Running Out of Time (Have I Told Them Everything?)
My friend had a stroke (she's my age) and I'm not sure if it's that or the fact that it's spring and I've discovered all three of my children can now officially hold their own bubbles without immediately spilling the entire container wholesale, but these grubby, sticky kids are practically in college next year and I'm just wondering--have we told them everything?
Other than that time mommy got pulled over for speeding, my children remember nothing.
What Do They Remember?
They forget everything. If you ask our three-and-a-half-year-old to look for his shoes, he will walk into the next room, stand for a beat, and then walk back and tell us he's hungry. Goldfish literally can hold onto a memory longer.
My husband and I tell my children a lot of things, during the course of a day. Things like: flushthetoiletwashyourhandsstopjumpingonthecouch, stoptouchingthewallgetthatoutofyourmouth, pickupyourshoesfindyourshoeswhereareyourshoesputyourshoesonputyourfootinthisshoenowWHEREAREYOUMOTHEREFFINGSHOES (just kidding on that last one), closethedoorclosethedoorclosethedoor, stopslammingthedooryouregoingtocrushyourbrothersfingers, washyourhairgetoutoftheshoweryouhavetwomoreminutesbeforeIturnthewateroff, noyoucan'tgooutside, noyoucan'twatchanothershow, noyoucan'thavecandy, nonononononononono, hurrynowletsgonowhurryhurryhurryhurry
I figure that if we've told them to FLUSHTHETOILET once, we've told them three hundred times. Yet, I'ved learned to walk by their bathroom several times a day to flush the toilet because otherwise it never gets flushed.
My route looks like this: bathroom to flush the toilet, kitchen table to PUTTHELIDSBACKONTHEMARKERS, and the living room couch to PUTTHEAPPLECORESINTHETRASH. Repeat. Clearly, we haven't told them to flush the toilet enough. And if three hundred repeated instructions aren't enough for them to remember an eternally inconsequential little flick of the wrist, are we telling them the important things in life often enough?
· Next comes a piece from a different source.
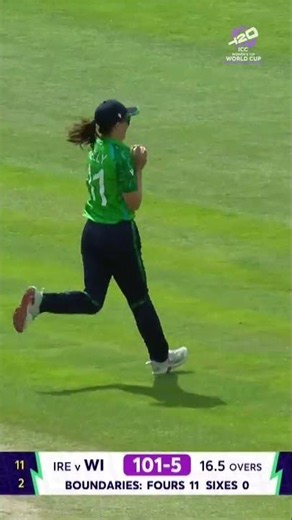 Arlene Kelly juggles but completes the catch to remov Jahzara Claxton 👀 #T20WorldCup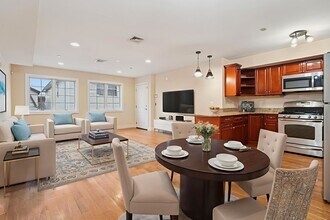 Building Photo - 124 68th St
Are we telling our daughter that she's an Esther who moves the heart of God with her beauty? Are we telling her she's going to be a Rahab with bravery that is clutch?
Are we telling our oldest son that he's a preparer of the way? A healer? A hope-giver?
Are we telling our youngest son that he's a man after God's own heart? A repairer of the breach? A restorer of streets to dwell in?
Are we telling them they are God's glory? Living stones? Kingdom-building, giant-slaying, life-giving children of the day?
Our kids are at that age now when other people are starting to tell them to be kind and to stop running with scissors, so the burden is less on us to make sure they reach adulthood without being run over by a car or dying of some weird flu they picked up when they licked the cart at Walmart. But I don't feel better about this, I feel more anxious.
If you drew up a pie chart and ticked off the percentage of time we spent telling them not to pick their noses and the percentage of time we spent telling them the things that really mattered--I'd just eat the pie.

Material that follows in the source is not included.